In contrast, the US has recognised the standard of ‘reasonable expectation of privacy’ which covers socially accepted privacy standards. Most people do not understand the impacts of privacy infringement; hence it is complicated to have a reasonable expectation of privacy based on society’s expectation. A better approach is of the normative test, followed by the European Union, which deals with how much infringement of privacy should be considered proportionate and not an empirical test which enquires into how much infringement is proportionate. The proportionality test provides more robust protection to the right to privacy by permitting the least attainable infringement. Although the proportionality test has been accepted by the Indian judiciary, the courts have often used the issue of ‘empirical reasonable expectation by society’ (a trace of privacy test’s reasonable expectation) and have incorrectly applied proportionality test, thereby creating dubiety.
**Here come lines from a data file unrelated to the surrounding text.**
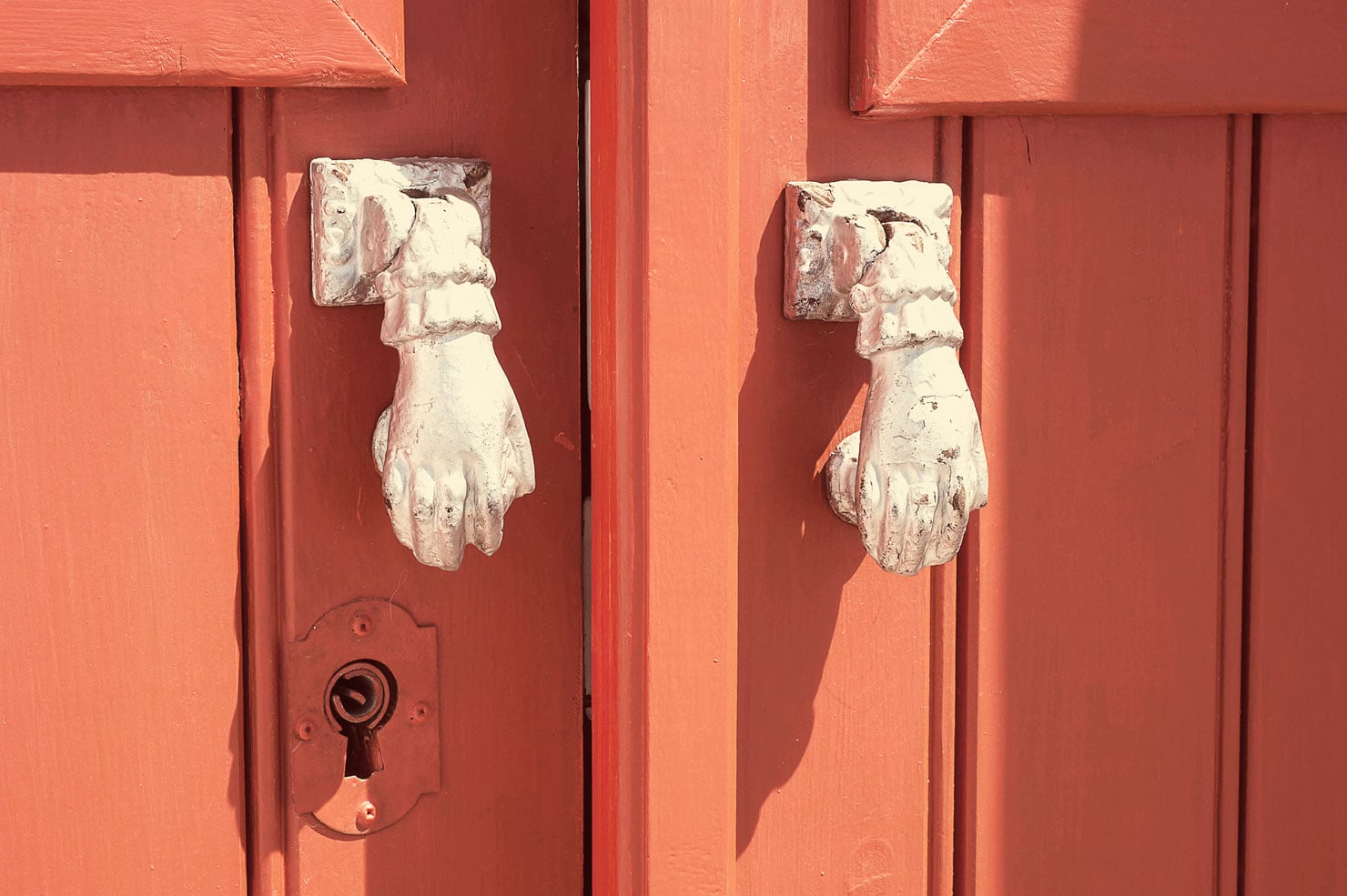 Pensão Agrícola, Europe — Weathered white hand-shaped door knockers on coral-red painted wooden doors with ornate keyhole detail.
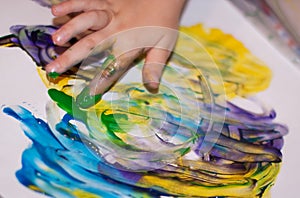 Little Children Hands doing Fingerpainting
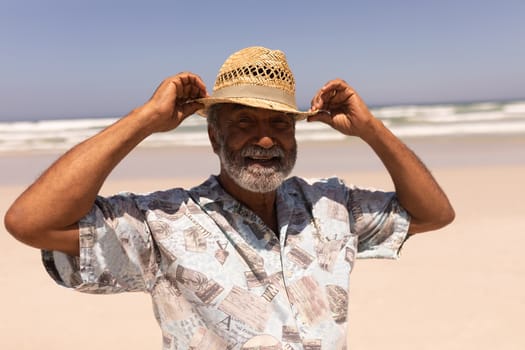 Senior black man with hat looking at camera on beach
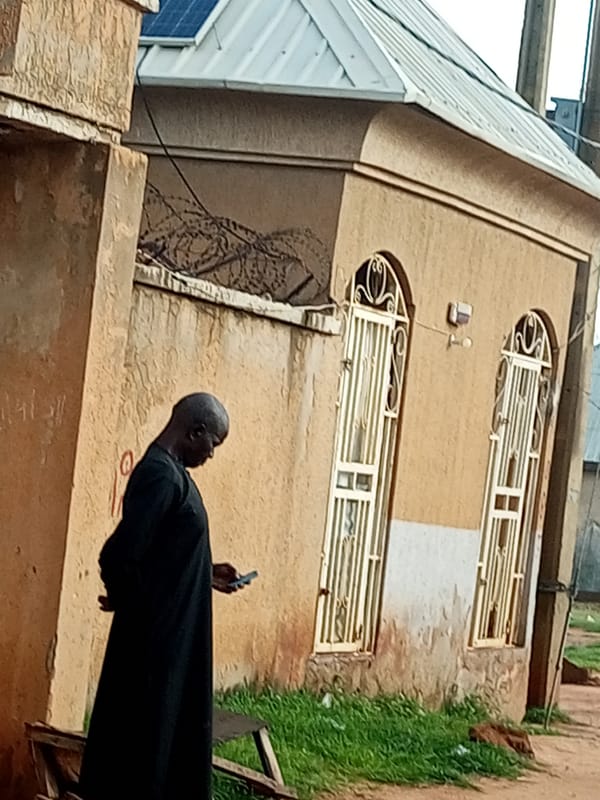 Figure in black outside a formal building in Gombe, Nigeria
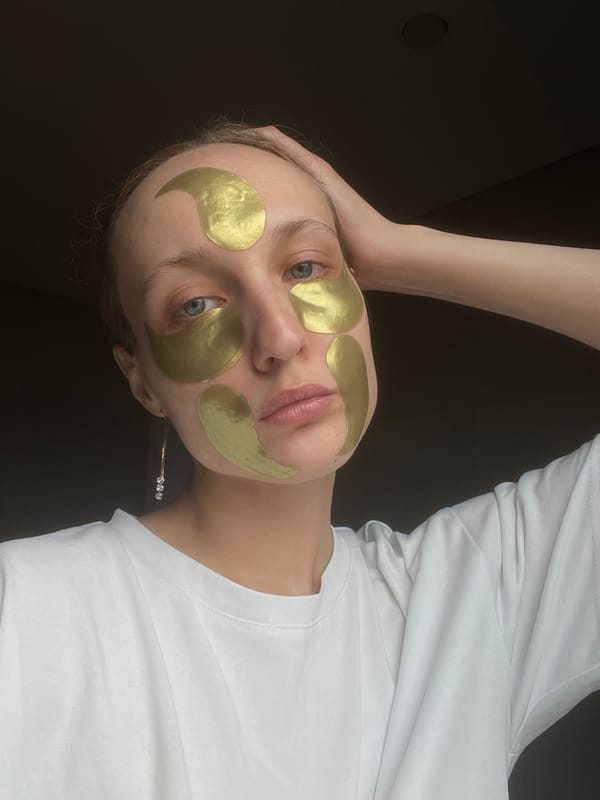 Woman takes bathroom selfies wearing gold facial patches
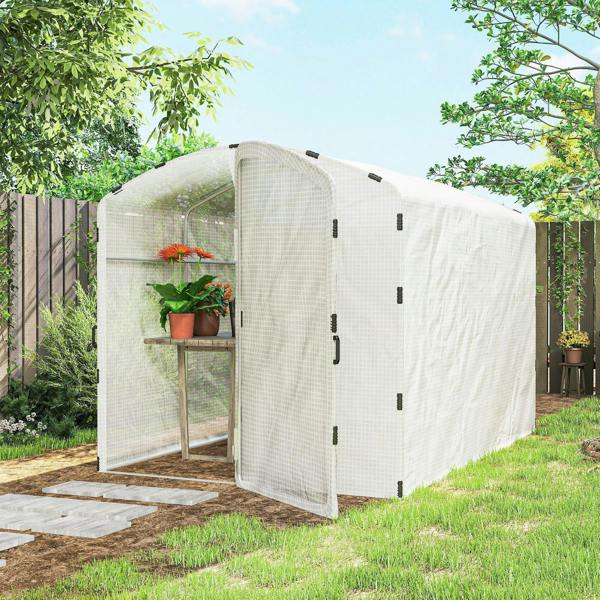 Walk-in greenhouse with white PE cover, covered sides and front door in a yard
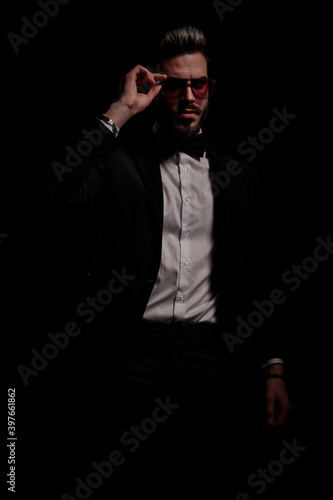 cool unshaved guy in black velvet tuxedo fixing glasses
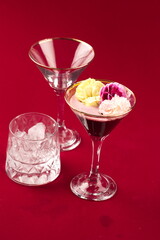 Cocktail glasses with fruit garnish with empty glass glasses on red background
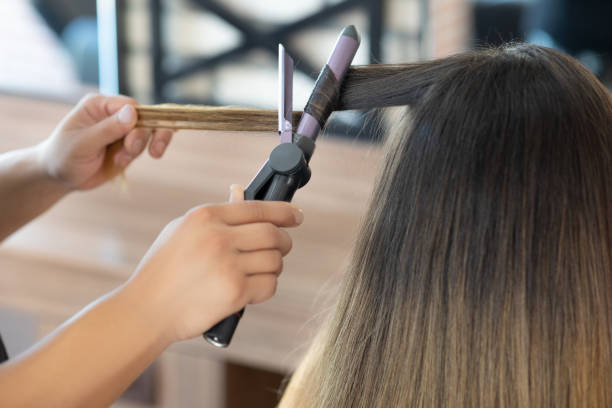 istock Hairdresser making a hairstyle 1268259502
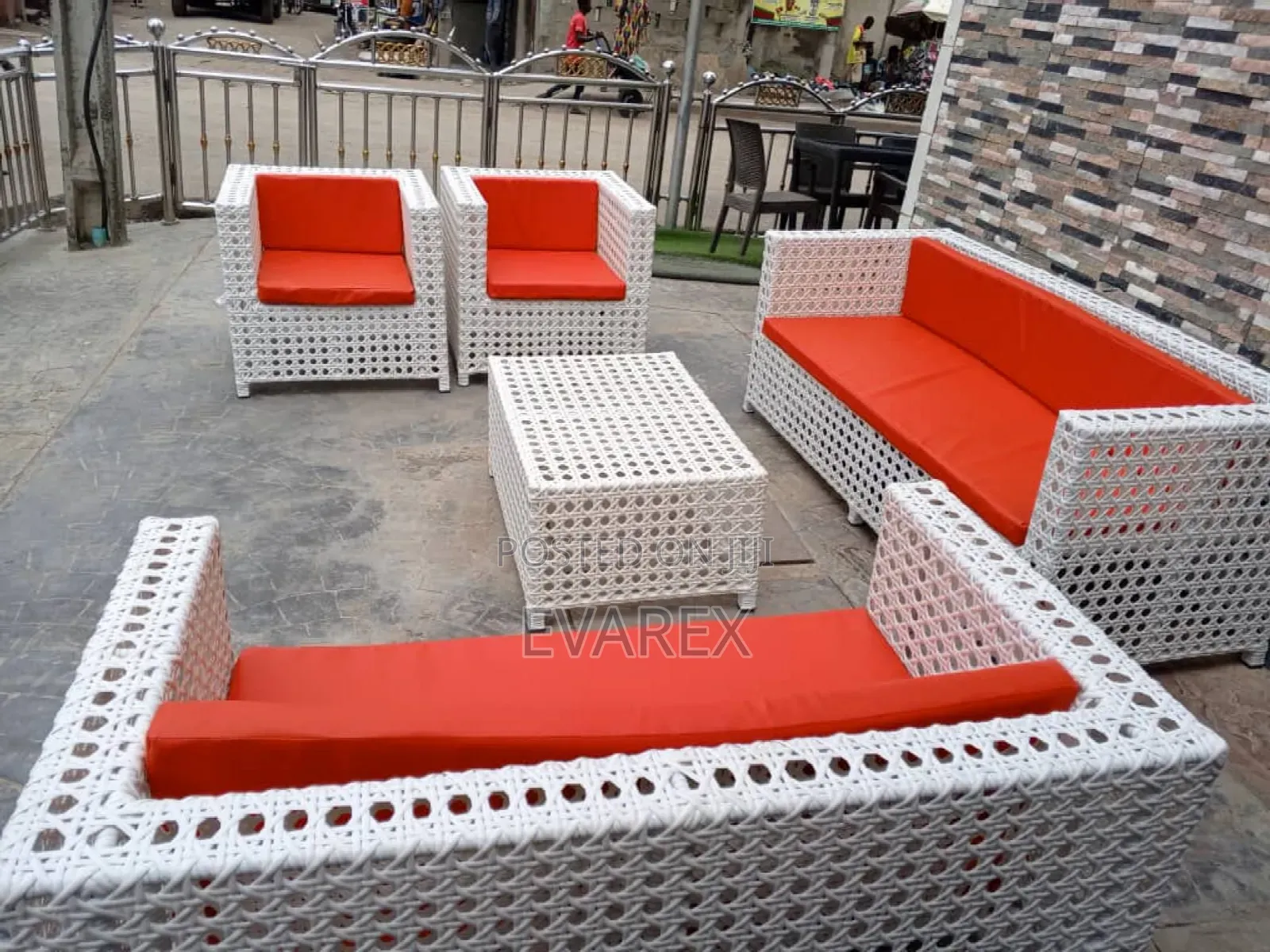 Outdoor White Rattan Chair With Red Cushion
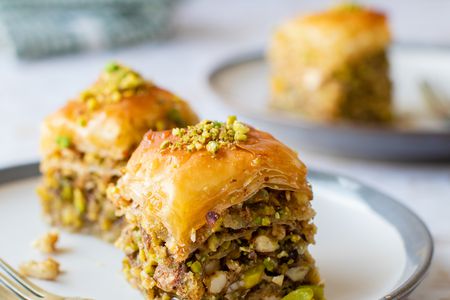 Slices of Baklava on a Small Plate with a Fork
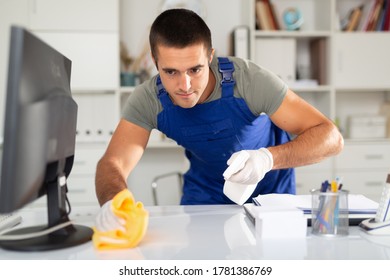 Male cleaner wipes table with rag in company office - Shutterstock ID 1781386769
Presently, both the HRD and the Home Secretary, who oversee law enforcement agencies, are the authorising representatives for surveillance and are not expected to use unbiased judiciary’s mind. The SC, while dealing with the constitutional validity of the biometric database ‘Aadhaar’, read down the exception of ‘national security’. This exception provided the authorities to check the database after the approval of the Joint Secretary. The court indicated that data collection without any consultation with a judicial officer conflicts the proportionality test as the Joint Secretary is a part of the government. Thus, the orders are unconstitutional as they violate the court’s verdict.


The Indian legal framework is not adequate with regards to the usage of collected information. The rule providing 9 months period for the erasure of data contains uncertain exceptions of ‘ongoing investigation’ and ‘functional necessity’. Many investigations take years of time which lead the authorities to store and process the information on vague pretexts for an uncertain duration. Last year, the European Court ruled that the U.K.’s surveillance data infringes the right to privacy as it discloses ‘an inmate picture’ which was collected, processed and stored over time. Similarly, the Indian Supreme Court in the case of Aadhar held the 7 years duration for the storage of biometric data as excessive and arbitrary.

A subset of right to privacy is the ‘right to be forgotten’. As per the Article 17 of the GDPR, right to be forgotten entitles the data subject to have the data controller erase his/her personal information, cease its further dissemination and have third parties halt its processing. This right has also been recognised by the Indian judiciary in the case of Sri Vasunathan v The Registrar General. By linking the social media accounts of the students, the authorities will get complete access to the personal information of the students. This includes their personal photos, current work & job description, where & with whom they travel, sleep or eat, etc. There is no mention in the orders regarding the de-linking of this information as well as the duration for which the personal information shall be stored or processed.


From the above analysis, it is evident that the concerned aforesaid orders issued by the state are unconstitutional and violate the verdict of the Supreme Court. The government should take a step back and recall the implementation of these orders. It is high time for the Indian government to come up with data protection laws that could match the standards of Europe’s celebrated GDPR, and thereby assist in protecting the privacy rights of the countrymen. 

In addition to this, if the day to day activities of the people will come under complete state surveillance by the virtue of orders which are bad in law, then the people might feel alienated from the law itself. Certainly, it is the law which is made for the people, the people are not made for the law.

(Anirudh is currently an undergraduate at Faculty of Law, Jamia Millia Islamia.)